Seguro que te suena. Allá por 2017 empezamos a oír hablar de laboratorios, muestras de saliva y el llamado "CSI de las cacas perrunas". Parecía casi una leyenda urbana de ayuntamientos desesperados por acabar con los excrementos abandonados en la calle. De hecho, es probable que no conozcas a nadie a quien le hayan puesto una multa así.
Sin embargo, casi una década después, la realidad ha cambiado. En España ya hay más perros que niños, y el problema de las heces en aceras, parques y jardines se ha convertido en una cuestión de convivencia urbana. La respuesta de algunos municipios ha sido apostar por la genética: analizar el ADN de los excrementos para identificar al perro… y multar a su dueño.
Hoy, 87 ciudades y pueblos de 15 provincias han implantado o están implantando censos de ADN canino. Según un recuento realizado por Pablo Muñoz Gabilondo, creador del proyecto Pipper on Tour, al menos 68 municipios ya utilizan este sistema para sancionar a quienes no recogen los excrementos de sus mascotas, mientras que otros 19 están en proceso de implantarlo.
La gran pregunta es si este sistema realmente funciona o si, más que un detector infalible, se ha convertido sobre todo en una herramienta para disuadir a los dueños menos responsables.
Cómo funciona el "CSI de las cacas de perro"
El sistema se basa en una idea sencilla: cada perro tiene un ADN único, igual que ocurre con las personas.
Para poder identificar a los animales, el ayuntamiento crea primero un censo genético de mascotas. Los propietarios deben acudir al veterinario con su perro para que se le tome una muestra de saliva, que se registra en una base de datos junto al microchip del animal y los datos del propietario.
La segunda fase llega cuando los servicios municipales encuentran excrementos abandonados en la vía pública. Los agentes recogen una muestra, anotan el lugar y la envían a un laboratorio.
Allí se analiza el ADN del excremento y se compara con el registro municipal. Si hay coincidencia, el sistema permite identificar al perro y, por tanto, al dueño responsable.
Las sanciones dependen de cada ordenanza municipal, pero suelen situarse entre 60 y 600 euros, aunque en algunos municipios pueden ser más altas.
Cuántas ciudades lo están utilizando
El sistema se ha extendido de forma desigual por el territorio español, pero cada vez más ayuntamientos lo están incorporando.
Actualmente hay 87 municipios que han apostado por el ADN canino, con una fuerte concentración en algunas provincias como Valencia y Barcelona, donde decenas de localidades han implantado o están implantando el sistema.
Entre los municipios que ya utilizan el análisis genético para sancionar a los infractores se encuentran ciudades como:
- Málaga, Benalmádena y Rincón de la Victoria
- Alcalá de Henares y Tres Cantos, en la Comunidad de Madrid
- varios municipios del área de Barcelona
- numerosas localidades de la provincia de Valencia
La tendencia, según los expertos, sigue creciendo. De hecho, nuevas ciudades continúan estudiando su implantación como medida para mejorar la limpieza urbana.
Cuando la genética sí logra cambiar el comportamiento
En algunos municipios el sistema ha mostrado resultados llamativos.

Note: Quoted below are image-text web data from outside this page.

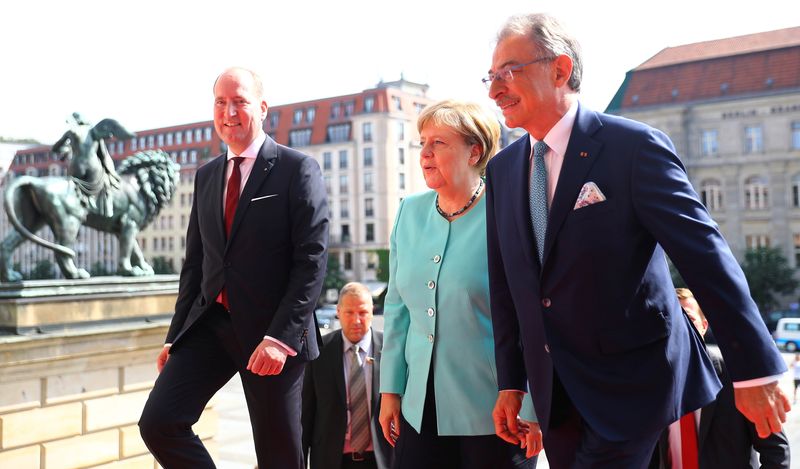 BDI president Kempf and Director General Lang welcome German Chancellor Merkel to the German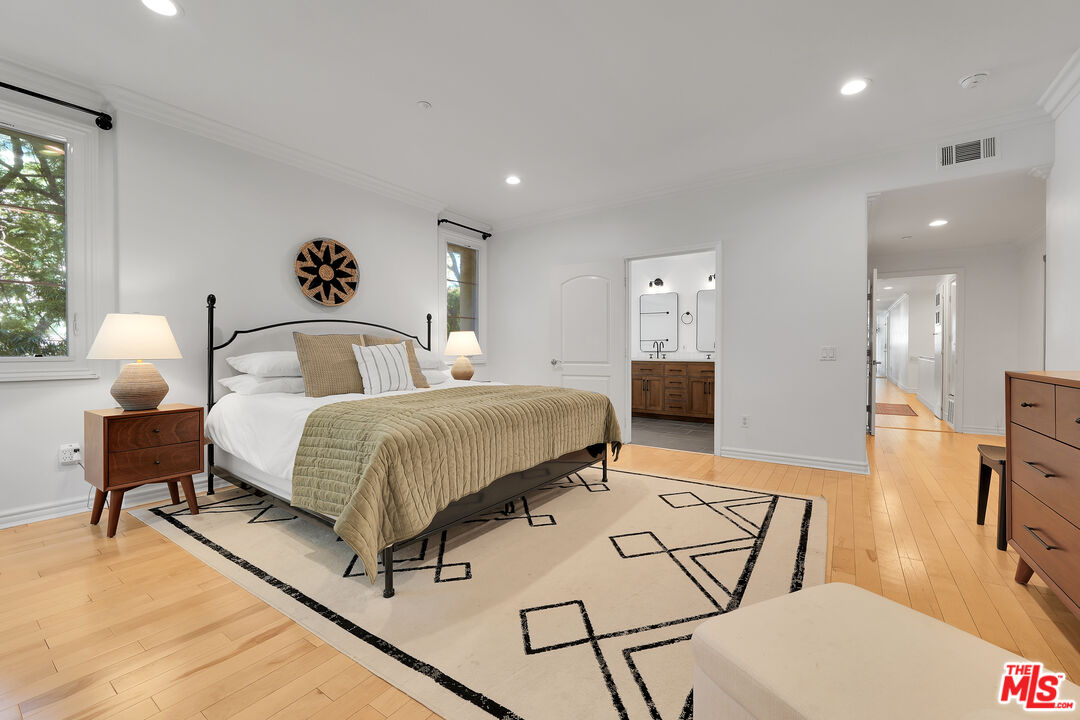 1601 South Bentley Avenue, Unit 201 Los Angeles, CA 90025 - Photo 16 of 39 a bedroom with a bed and wooden floor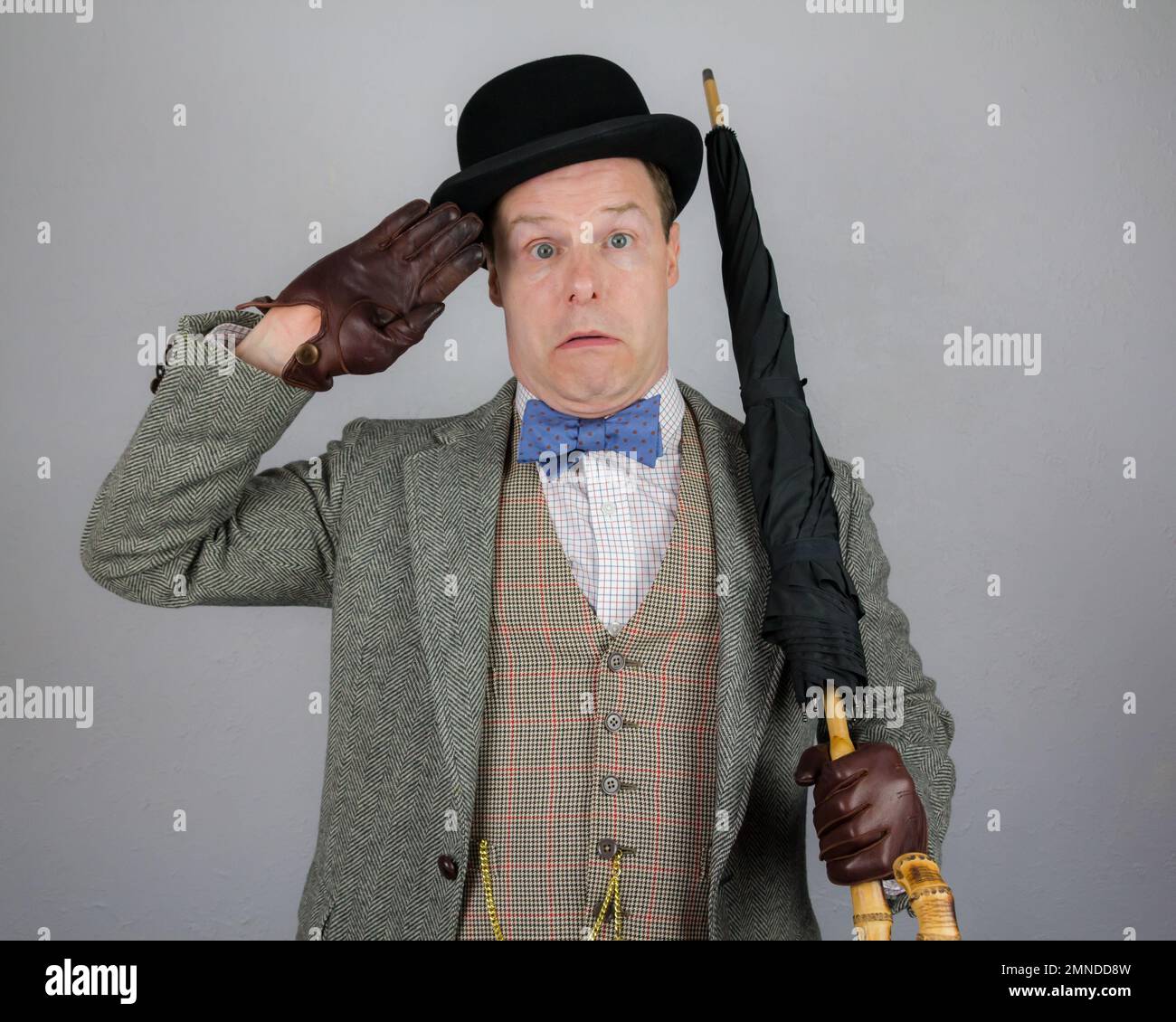 Portrait du personnage britannique en costume en tweed et chapeau de bowling tenant un parapluie comme un fusil et saluant avec audace. Concept de l'acteur Vintage Vaudeville Banque D'Images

Uno de los casos más citados es el de Xàtiva (Valencia), pionera en la implantación del censo genético. Según datos municipales, desde que se puso en marcha el sistema se ha registrado una reducción cercana al 80% de las heces abandonadas en la vía pública.
Sin embargo, los resultados dependen en gran medida de cómo se implante la medida.
Para que el sistema funcione realmente se necesitan tres elementos:
- que la mayoría de los perros estén registrados en el censo
- que el ayuntamiento recoja muestras de excrementos con frecuencia
- que las sanciones se tramiten de forma efectiva
Si alguno de estos elementos falla, la eficacia del sistema se reduce considerablemente.
Las sombras del sistema
A pesar de su expansión, el ADN canino también tiene limitaciones.
Entre un 5% y un 20% de las muestras recogidas pueden descartarse porque el material está contaminado o degradado, lo que impide obtener un perfil genético fiable.
Además, no todos los perros que pasean por una ciudad están registrados en el censo municipal. Algunos pertenecen a visitantes, otros no han sido inscritos por sus dueños y también existen animales que proceden de otros municipios.
Esto significa que no todas las heces abandonadas pueden identificarse.
Por otro lado, algunos proyectos se han ralentizado o incluso paralizado en determinados municipios por cambios políticos, falta de recursos o dificultades administrativas.